El portal del PREP comenzó a reportar información a las ocho de la noche del domingo. La información fluía lentamente: a las diez de la noche apenas se registraban menos de 10% de casillas. Esto es señal de la creciente complejidad de las labores del escrutinio y cómputo de votos en casillas que deben contar seis votaciones distintas, a menudo con coaliciones complejas.
Los conteos rápidos estaban listos a las 10:50 de la noche, pero se dieron a conocer casi hasta la medianoche: el INE debe explicar bien a bien esta decisión. Dado lo holgado del resultado, es posible que el conteo rápido presidencial hubiera estado listo más temprano, mientras que las estimaciones de ambas cámaras pudieron haberse dado a conocer más tarde.
El resultado fue contundente: 59.3% de votos para Claudia Sheinbaum, 27.9% para Xóchitl Gálvez y 10.4% para Jorge Álvarez Máynez. Si bien el promedio de las encuestas le favoreció a lo largo de la campaña, un margen de victoria tan abultado sólo fue anticipado por pocas casas encuestadoras.
Sheinbaum consiguió más votos que López Obrador, su impulsor y coordinador de campaña, mientras que la coalición PAN, PRI y PRD obtuvo menos votos que en 2018 o 2021. Movimiento Ciudadano celebró su votación, pero lo cierto es que, salvo retener la gubernatura de Jalisco, no ganó ningún distrito ni senaduría de mayoría relativa.
A partir de los datos del cierre del PREP, se puede estimar una integración tentativa del Congreso, la asignación final vendrá más tarde. Así, es posible que la coalición de Morena consiga 364 curules o 72.8% de la Cámara, una mayoría calificada, mientras que en el Senado podría tener 83 escaños o 64.8% de la Cámara alta: un sexenio más sin contrapesos.

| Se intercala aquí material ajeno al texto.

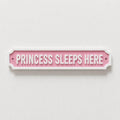 Princess Sleeps Here Sign Girls Pink Bedroom Decor Door Decoration Plate Plaque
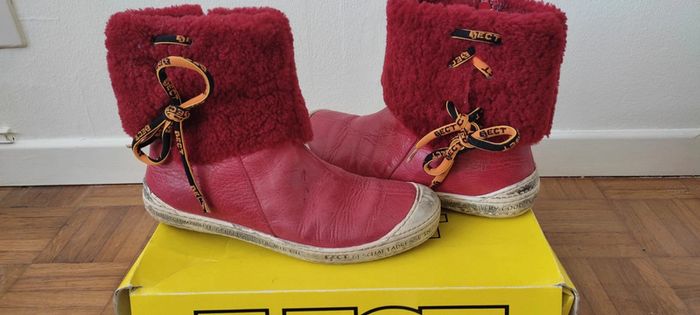 Bottines eject rouges bordeaux 38 - photo numéro 2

Una elección tan holgada como ésta puede tener diversas lecturas. Por un lado, representa un claro mandato del electorado: puestos a elegir entre continuidad y cambio, eligieron lo primero. Por otro lado, el cúmulo de ilegalidades registradas a lo largo del proceso, incluso antes de su inicio —como la evidente intromisión del Presidente en la contienda—, también denotan una competencia sumamente dispareja. En tercer lugar, el que la oposición haya conseguido menos votos que en 2021, también refleja vicios de una oposición cortoplacista que, antes que lograr una coalición amplia, se conformó con retener alguna gubernatura y conseguir unos cuantos asientos plurinominales.
¿Hubiera cambiado el resultado en una contienda más equilibrada? Difícil saberlo sin tener más información. Supongamos por ahora que el resultado presidencial era ineludible: ¿podemos decir lo mismo del resultado legislativo y el de las elecciones locales? El diablo está en los detalles. El proceso importa tanto como el resultado.